Question: Derive an expression for the acceleration due to gravity on the surface of the earth. How does the w...

Question

Derive an expression for the acceleration due to gravity on the surface of the earth. How does the weight of an object change as the object moves from the equator to the pole of the earth?

Answer 1

Solution

Hint According to Newton’s universal law of gravitation, every object in this universe will attract every other object with a force that is directly proportional to the masses of the objects and inversely proportional to the square of the distance between the two objects.

Complete Step by step solution
The acceleration due to gravity can be defined as the acceleration experienced by a body falling freely from a height to the surface of the earth.
According to Newton's law of gravitation, we can write the force between the freely falling body and earth as,
$F = G\dfrac{{Mm}}{{{r^2}}}$
Where $F$ stands for the force of attraction, $G$ is a constant called the gravitational constant, $M$ stands for the mass of the earth, $m$ stands for the mass of the object, and $r$ stands for the distance between the centres of the earth and the object.
We know that,
$F = ma$
Where $F$ stands for the force, $m$ stands for the mass of the object and $a$ stands for the acceleration
Let $g$ be the acceleration due to gravity, then
$F = mg$
Since the L.H.S is the same we can equate the two expressions
$mg = G\dfrac{{Mm}}{{{r^2}}}$
Since the mass of the object $m$ is common on both sides, we cancel it and the acceleration due to gravity will be.
$g = \dfrac{{GM}}{{{r^2}}}$
On the surface of the earth, $r = R$
Where $R$ stands for the radius of the earth.
$g = \dfrac{{GM}}{{{R^2}}}$
This is the expression for acceleration due to gravity on the surface of the earth.
The weight of a body can be taken as,
$w = mg$
Where $w$ stands for the weight of the object, $m$ stands for the mass of the object, and $g$ stands for the acceleration due to gravity.
The value of acceleration due to gravity varies as we go to the poles from the equator.
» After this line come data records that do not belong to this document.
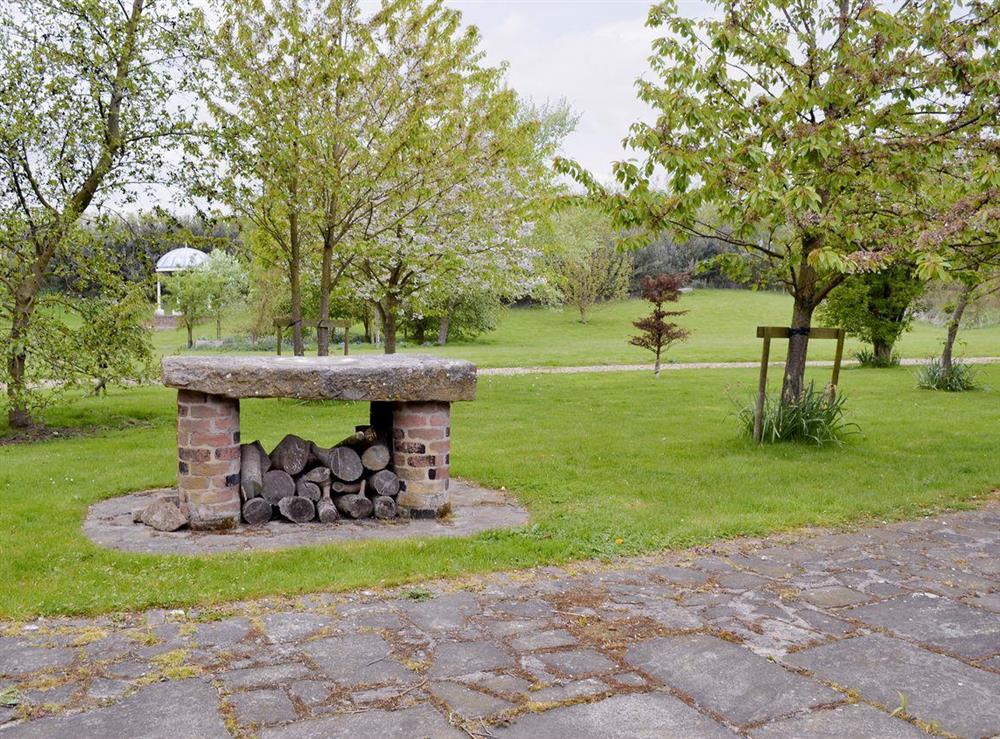 Well-maintained lawned gardens to front of property at Walled Garden Lodge in Camerton, near Hull, North Humberside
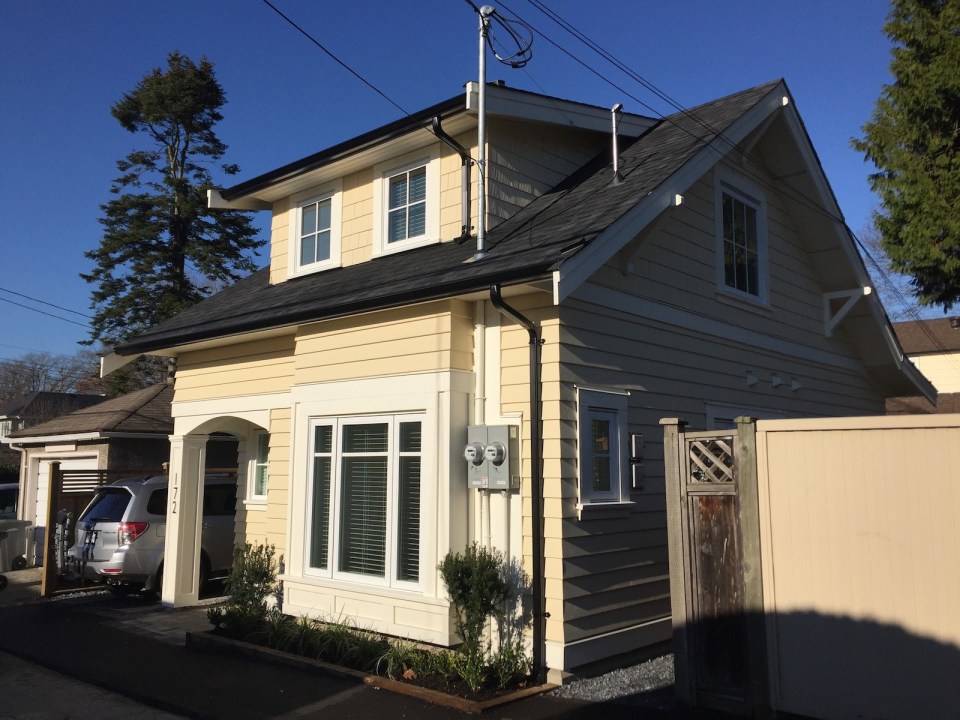 Buttercup Guest House, a 780 sq ft backyard cottage with a bedroom and bathroom on both floors. | www.facebook.com/SmallHouseBliss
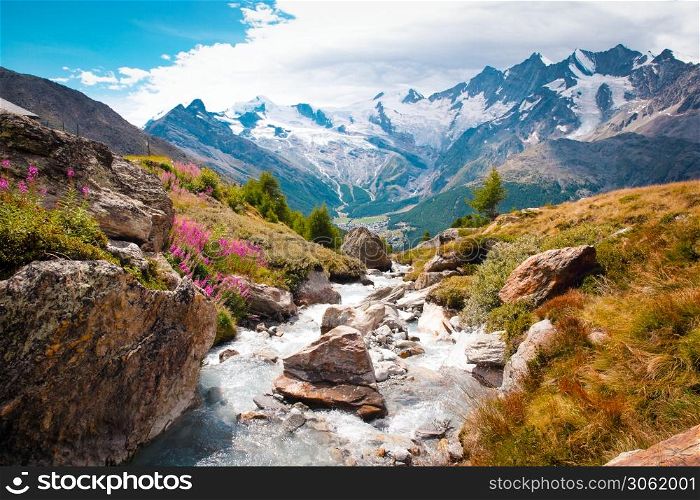 Beautiful mountain landscape with stream near Alps, Switzerland in the summer Swiss Europe. Beautiful mountain landscape with stream near Alps, Switzerland in the summer in blue sky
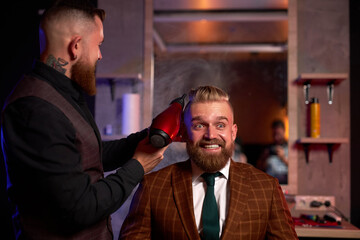 pleased elegant caucasian bearded business man getting groomed at hairdresser with hair dryer while sitting on chair at barbershop, brutal hair style concept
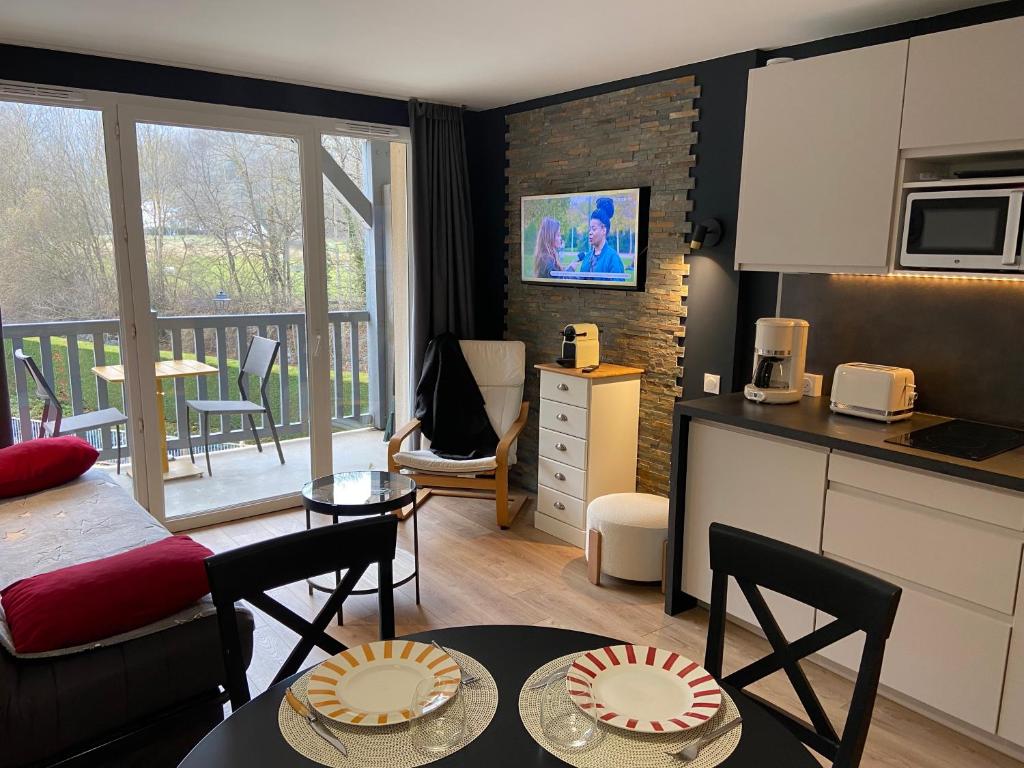 a kitchen and living room with a table and chairs at Appartement 203 in Saint-Lary-Soulan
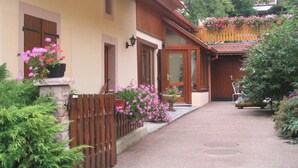 Een klassiek chalet met een houten gevel, een stenen entree en een balkon vol bloemen.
This is due to the nonspherical shape of the earth and the rotation of the earth. Since earth is not a perfect sphere, the radius is different in different locations. The radius will be minimum at the poles. Therefore the acceleration due to gravity will be maximum at the poles. This will cause an increase in the weight of the object at the poles.

Note
The value of acceleration due to gravity is taken to be $9.8m/{s^2}$ . This will vary slightly from place to place. As the height from the surface of the earth increases, the value of acceleration due to gravity decreases. The value will decrease with an increase in depth from the surface of the earth too.